De Nobelprijs voor de Vrede is dit jaar toegekend aan drie vrouwen: de Liberiaanse presidente Ellen Johnson Sirleaf, de Liberiaanse activiste Leymah Gbowee en Tawakkul Karman uit Jemen.
Dat heeft het Nobelprijscomité vrijdag in de Noorse hoofdstad Oslo bekendgemaakt. Ze hebben de prijs gekregen voor de ”geweldloze strijd voor de veiligheid van vrouwen en voor het recht van vrouwen om volledig te kunnen deelnemen aan vredesopbouw”.
”We kunnen geen democratie en een duurzame vrede in de wereld bereiken als vrouwen niet dezelfde kansen krijgen als mannen om ontwikkelingen te beïnvloeden op alle niveaus in de samenleving”, aldus het Nobelcomité.
Presidente van Liberia
De 72-jarige Johnson Sirleaf is van de drie winnaressen de bekendste. Ze is sinds 2006 presidente van Liberia. Ze won eind 2005 de verkiezingen van oud-voetballer George Weah. Johnson Sirleaf is de eerste vrouw die in een Afrikaans land tot staatshoofd is gekozen.

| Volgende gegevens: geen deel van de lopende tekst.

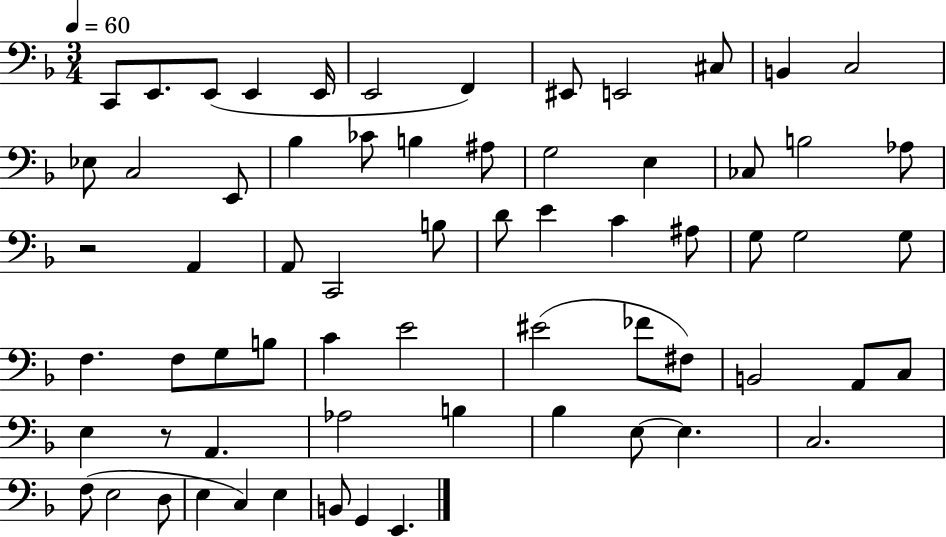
{
  \clef bass
  \numericTimeSignature
  \time 3/4
  \key f \major
  \tempo 4 = 60
  \repeat volta 2 { c,8 e,8. e,8( e,4 e,16 | e,2 f,4) | eis,8 e,2 cis8 | b,4 c2 | \break ees8 c2 e,8 | bes4 ces'8 b4 ais8 | g2 e4 | ces8 b2 aes8 | \break r2 a,4 | a,8 c,2 b8 | d'8 e'4 c'4 ais8 | g8 g2 g8 | \break f4. f8 g8 b8 | c'4 e'2 | eis'2( fes'8 fis8) | b,2 a,8 c8 | \break e4 r8 a,4. | aes2 b4 | bes4 e8~~ e4. | c2. | \break f8( e2 d8 | e4 c4) e4 | b,8 g,4 e,4. | } \bar "|."
} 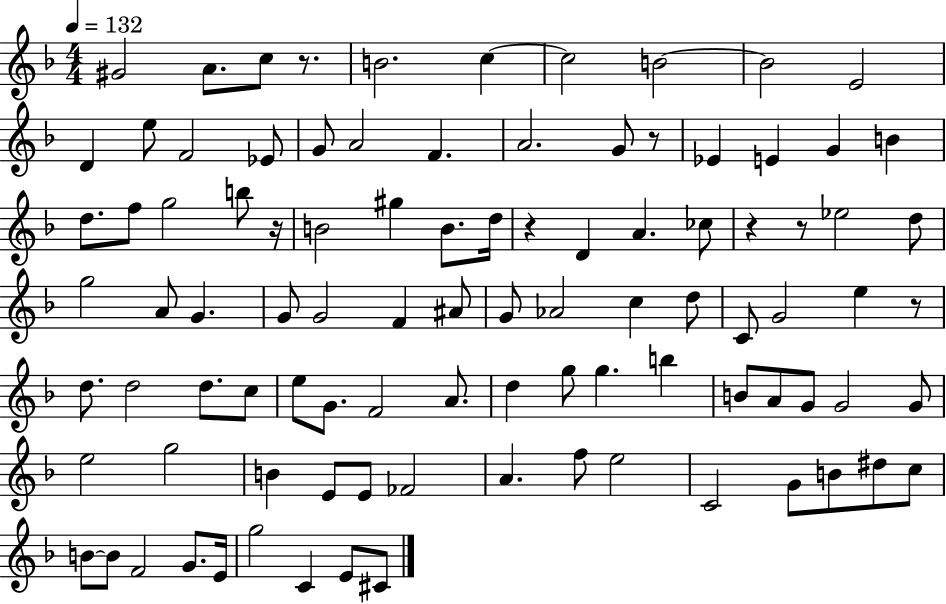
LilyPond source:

{
  \clef treble
  \numericTimeSignature
  \time 4/4
  \key f \major
  \tempo 4 = 132
  \repeat volta 2 { gis'2 a'8. c''8 r8. | b'2. c''4~~ | c''2 b'2~~ | b'2 e'2 | \break d'4 e''8 f'2 ees'8 | g'8 a'2 f'4. | a'2. g'8 r8 | ees'4 e'4 g'4 b'4 | \break d''8. f''8 g''2 b''8 r16 | b'2 gis''4 b'8. d''16 | r4 d'4 a'4. ces''8 | r4 r8 ees''2 d''8 | \break g''2 a'8 g'4. | g'8 g'2 f'4 ais'8 | g'8 aes'2 c''4 d''8 | c'8 g'2 e''4 r8 | \break d''8. d''2 d''8. c''8 | e''8 g'8. f'2 a'8. | d''4 g''8 g''4. b''4 | b'8 a'8 g'8 g'2 g'8 | \break e''2 g''2 | b'4 e'8 e'8 fes'2 | a'4. f''8 e''2 | c'2 g'8 b'8 dis''8 c''8 | \break b'8~~ b'8 f'2 g'8. e'16 | g''2 c'4 e'8 cis'8 | } \bar "|."
} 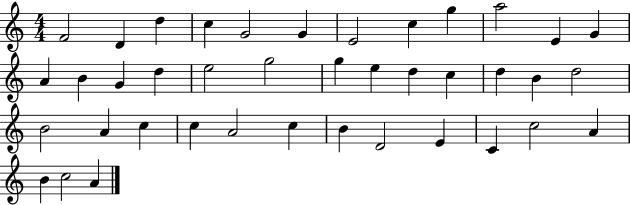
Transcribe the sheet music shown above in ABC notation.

X:1
T:Untitled
M:4/4
L:1/4
K:C
F2 D d c G2 G E2 c g a2 E G A B G d e2 g2 g e d c d B d2 B2 A c c A2 c B D2 E C c2 A B c2 A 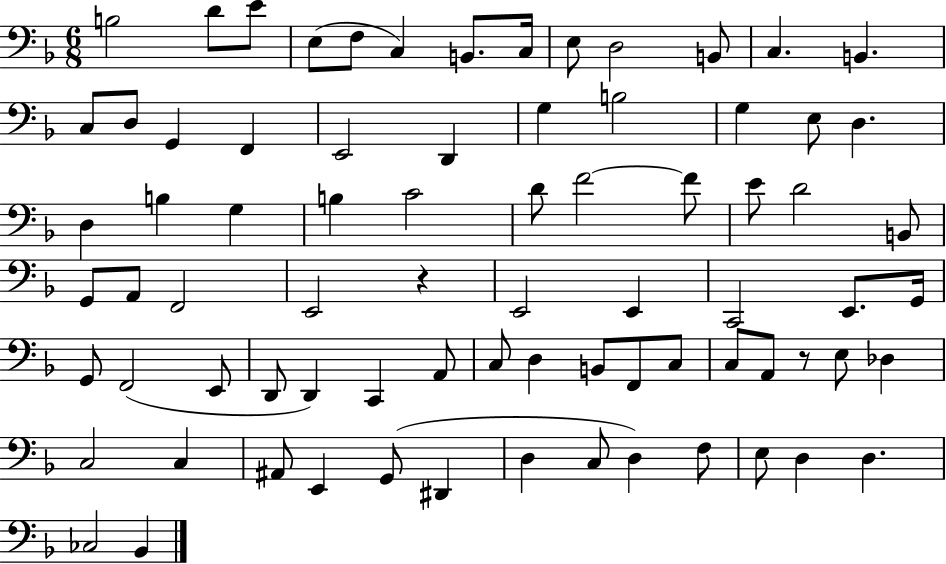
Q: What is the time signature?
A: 6/8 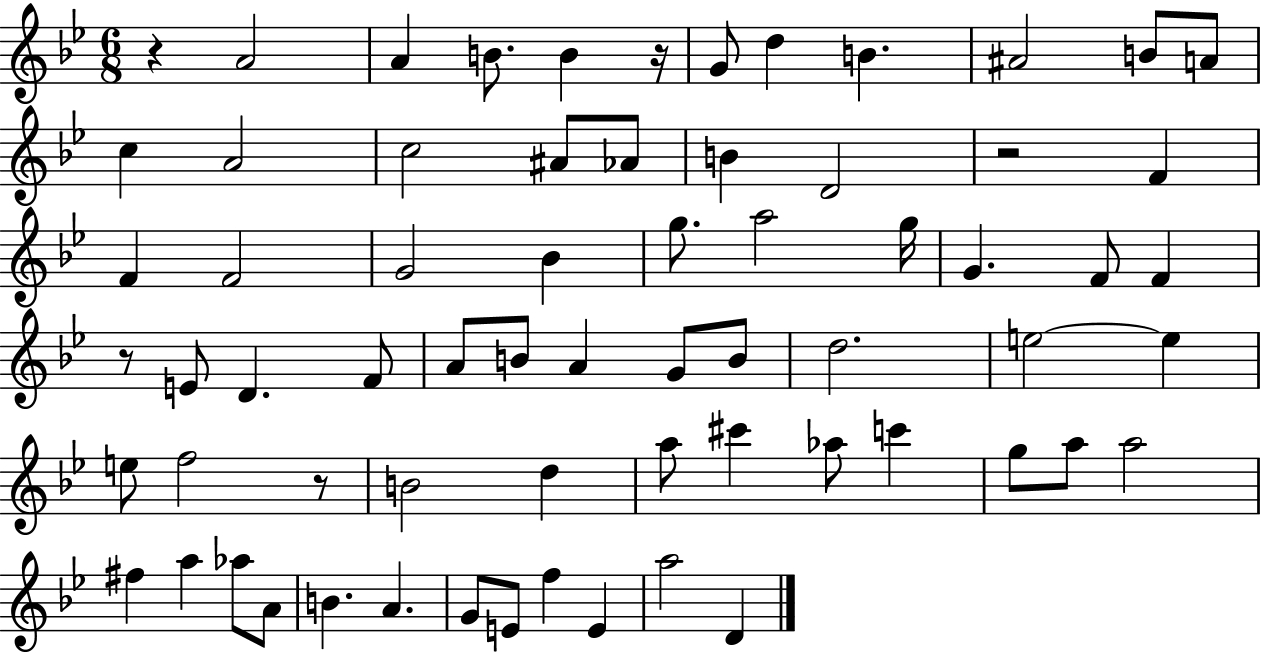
{
  \clef treble
  \numericTimeSignature
  \time 6/8
  \key bes \major
  r4 a'2 | a'4 b'8. b'4 r16 | g'8 d''4 b'4. | ais'2 b'8 a'8 | \break c''4 a'2 | c''2 ais'8 aes'8 | b'4 d'2 | r2 f'4 | \break f'4 f'2 | g'2 bes'4 | g''8. a''2 g''16 | g'4. f'8 f'4 | \break r8 e'8 d'4. f'8 | a'8 b'8 a'4 g'8 b'8 | d''2. | e''2~~ e''4 | \break e''8 f''2 r8 | b'2 d''4 | a''8 cis'''4 aes''8 c'''4 | g''8 a''8 a''2 | \break fis''4 a''4 aes''8 a'8 | b'4. a'4. | g'8 e'8 f''4 e'4 | a''2 d'4 | \break \bar "|."
}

De in 1972 geboren Leymah Gbowee organiseerde vrouwen om een eind te maken aan de burgeroorlogen in Liberia, waaronder het West-Afrikaanse land tussen 1989 en eerste jaren van de 21e eeuw gebukt ging. Het Nobelcomité wijst erop dat ze zich sterk heeft gemaakt voor deelname van vrouwen aan de verkiezingen in haar land.
Arabische Lente
De dertiger Tawakkul Karman speelt volgens het Nobelcomité een belangrijke rol tijdens de Arabische Lente, die dit jaar heeft geleid tot de val van meerdere autoritaire regimes. Het Nobelcomité roemt de inspanningen die Karman levert voor vrouwenrechten, vrede en democratie in Jemen.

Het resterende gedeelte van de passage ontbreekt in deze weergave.